◆ **What the task requires**
All the lines below should be set down exactly, with no picture carried into the copy.

◆ **Information shown**
§
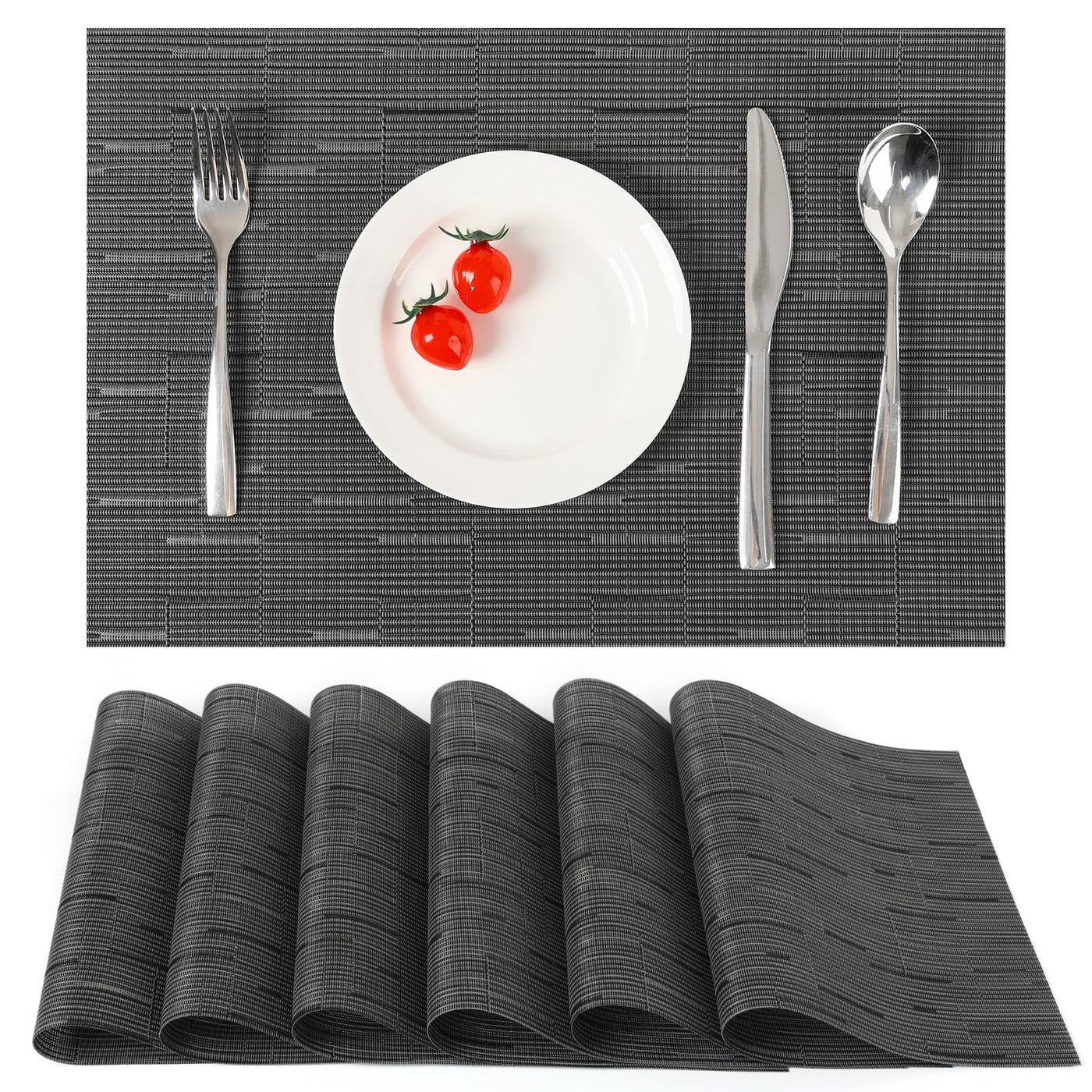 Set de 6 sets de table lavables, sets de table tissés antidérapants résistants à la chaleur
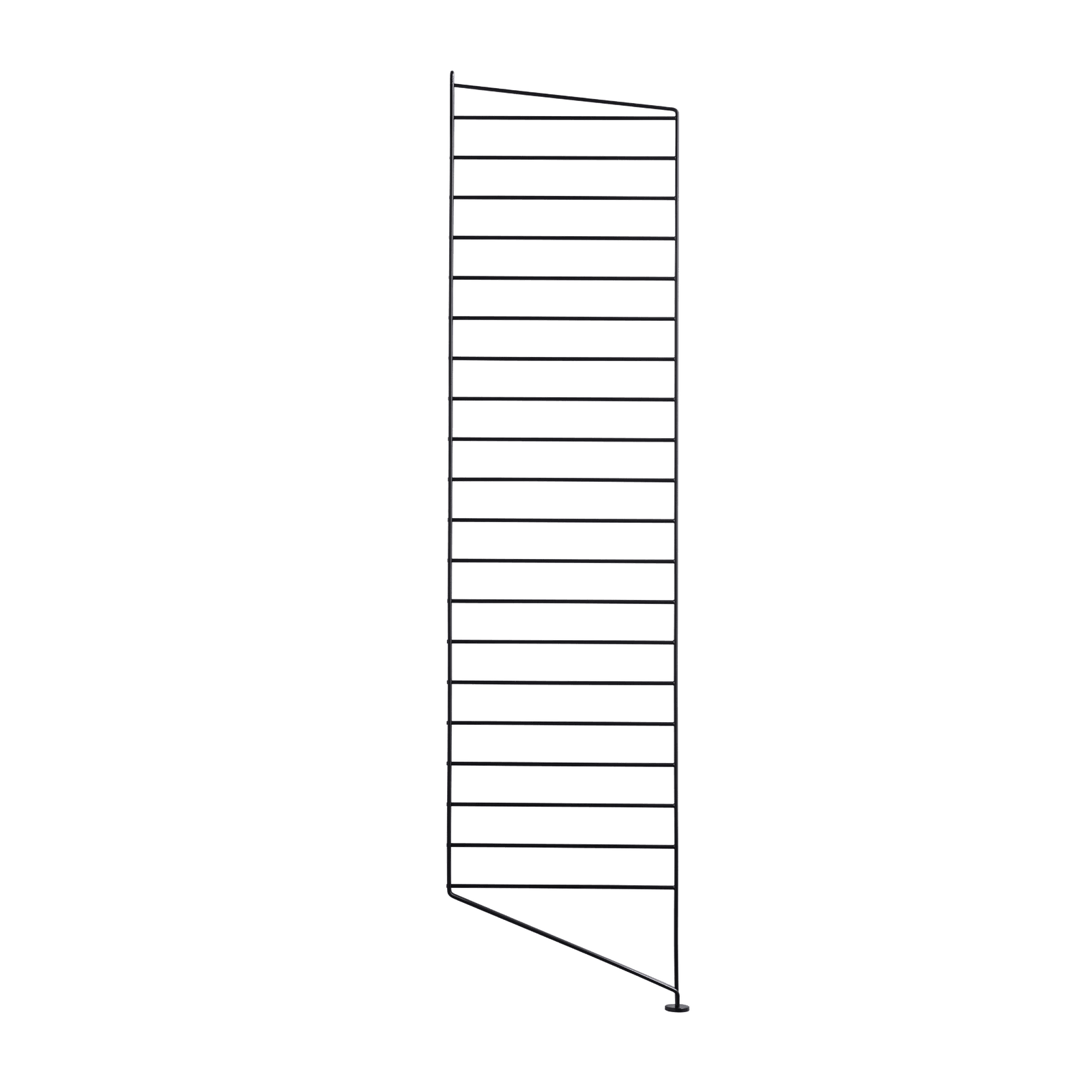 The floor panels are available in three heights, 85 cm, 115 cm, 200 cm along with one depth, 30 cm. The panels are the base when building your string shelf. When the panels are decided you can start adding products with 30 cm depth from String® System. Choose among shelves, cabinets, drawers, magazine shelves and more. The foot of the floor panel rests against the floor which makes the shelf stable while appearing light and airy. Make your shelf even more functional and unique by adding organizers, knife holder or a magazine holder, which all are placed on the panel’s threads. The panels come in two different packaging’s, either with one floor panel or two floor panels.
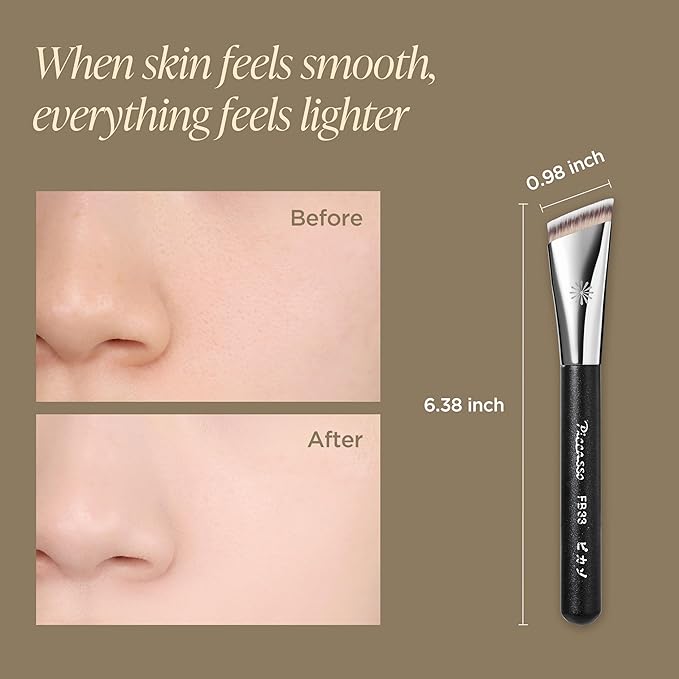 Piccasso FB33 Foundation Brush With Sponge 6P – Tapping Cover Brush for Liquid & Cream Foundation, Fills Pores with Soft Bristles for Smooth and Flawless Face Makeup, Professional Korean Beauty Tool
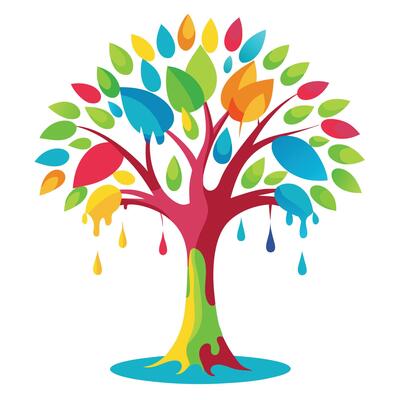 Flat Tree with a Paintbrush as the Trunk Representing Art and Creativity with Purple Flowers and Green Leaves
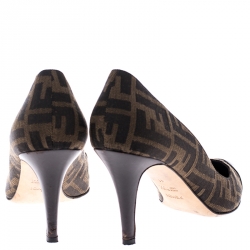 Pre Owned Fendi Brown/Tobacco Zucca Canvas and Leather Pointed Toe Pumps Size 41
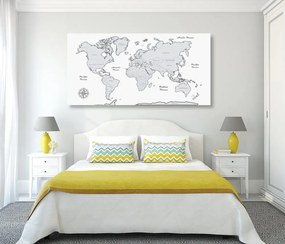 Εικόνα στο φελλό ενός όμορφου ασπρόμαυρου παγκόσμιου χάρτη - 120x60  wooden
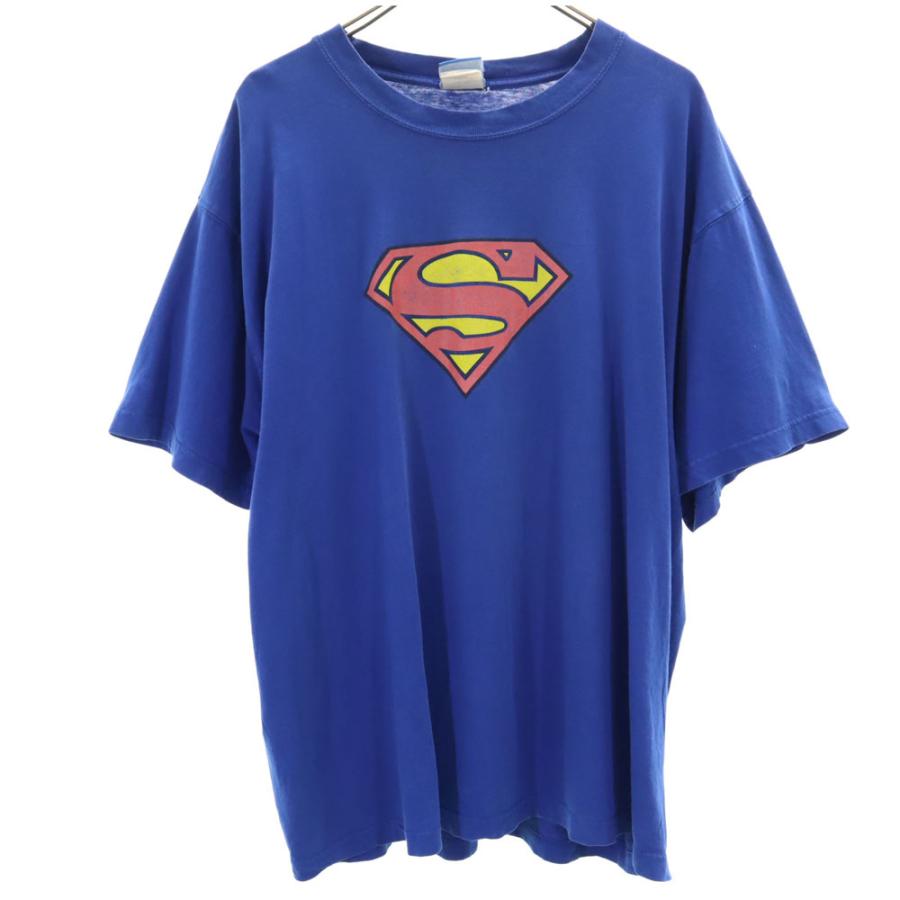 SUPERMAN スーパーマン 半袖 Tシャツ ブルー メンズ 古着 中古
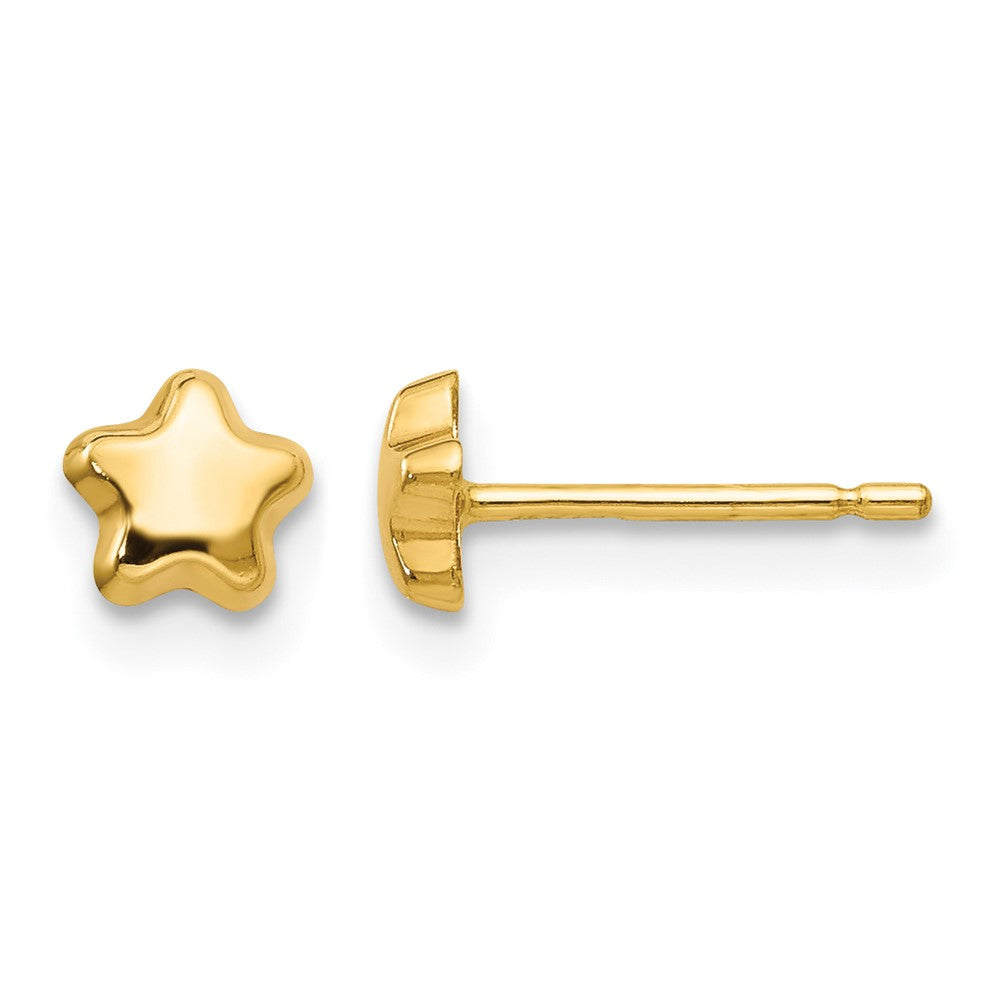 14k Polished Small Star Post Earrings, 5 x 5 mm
§
◆ **Written solution**
 Set de 6 sets de table lavables, sets de table tissés antidérapants résistants à la chaleur
 The floor panels are available in three heights, 85 cm, 115 cm, 200 cm along with one depth, 30 cm. The panels are the base when building your string shelf. When the panels are decided you can start adding products with 30 cm depth from String® System. Choose among shelves, cabinets, drawers, magazine shelves and more. The foot of the floor panel rests against the floor which makes the shelf stable while appearing light and airy. Make your shelf even more functional and unique by adding organizers, knife holder or a magazine holder, which all are placed on the panel’s threads. The panels come in two different packaging’s, either with one floor panel or two floor panels.
 Piccasso FB33 Foundation Brush With Sponge 6P – Tapping Cover Brush for Liquid & Cream Foundation, Fills Pores with Soft Bristles for Smooth and Flawless Face Makeup, Professional Korean Beauty Tool
 Flat Tree with a Paintbrush as the Trunk Representing Art and Creativity with Purple Flowers and Green Leaves
 Pre Owned Fendi Brown/Tobacco Zucca Canvas and Leather Pointed Toe Pumps Size 41
 Εικόνα στο φελλό ενός όμορφου ασπρόμαυρου παγκόσμιου χάρτη - 120x60  wooden
 SUPERMAN スーパーマン 半袖 Tシャツ ブルー メンズ 古着 中古
 14k Polished Small Star Post Earrings, 5 x 5 mm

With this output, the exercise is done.